■ What you are asked to do ■
Begin at the line with "Триммер аккумуляторный Makita UR100DWAEX" and output every line through the end of the records, exactly as given. Omit pictures.

■ Data to process ■
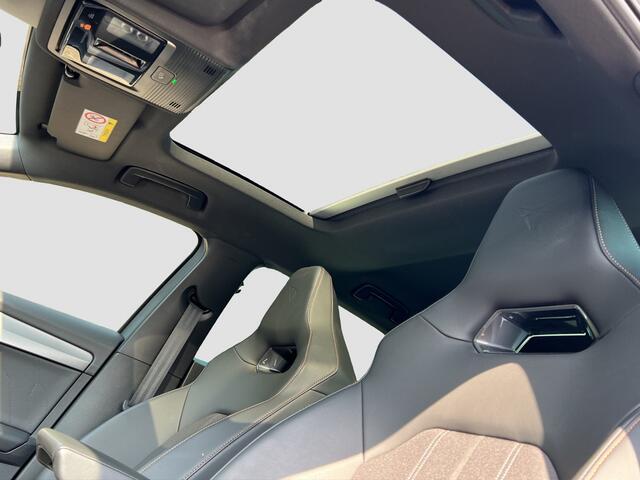 Cupra Leon 1.4 VZ Black Edition | Matte Kleur | Navi | PDC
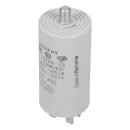 LUTH Premium Profi Parts Kondensator 16 Mf kompatibel mit Candy/ Hoover 90254707 für Waschmaschine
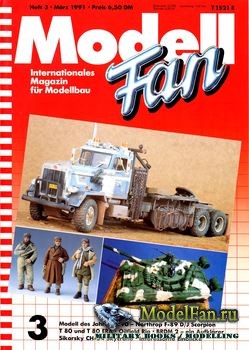 ModellFan 3 1991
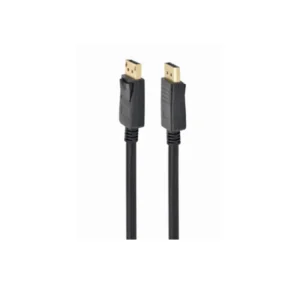 კაბელი - Gembird CC-DP2-5M 4K/60Hz DisplayPort Cable 5m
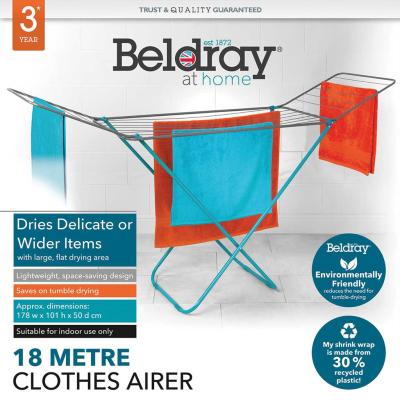 Beldray Clothers Airer - 18 Metre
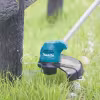 Триммер аккумуляторный Makita UR100DWAEX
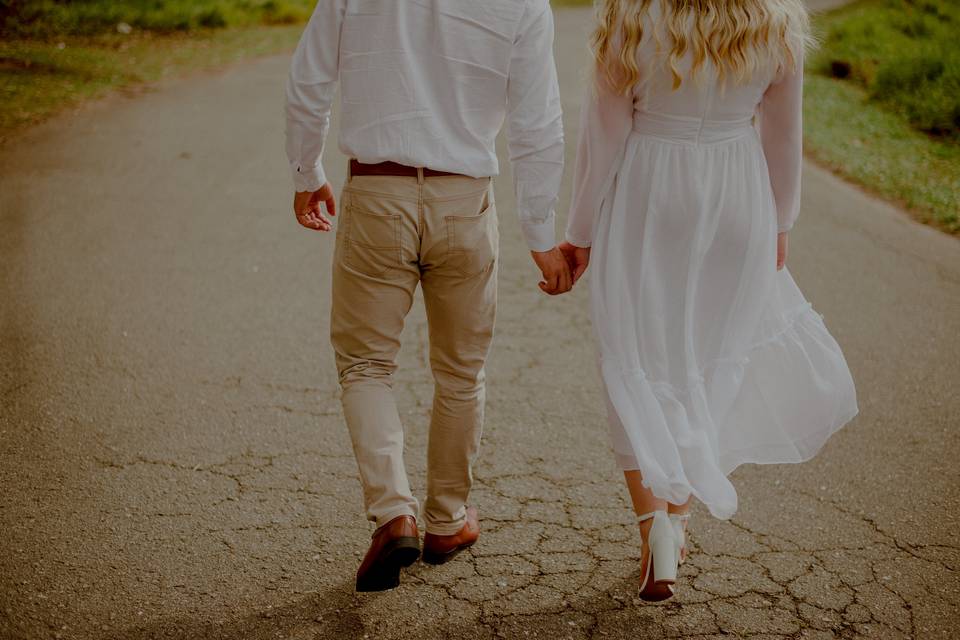 Intimate Wedding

■ Expected output ■
 Триммер аккумуляторный Makita UR100DWAEX
 Intimate Wedding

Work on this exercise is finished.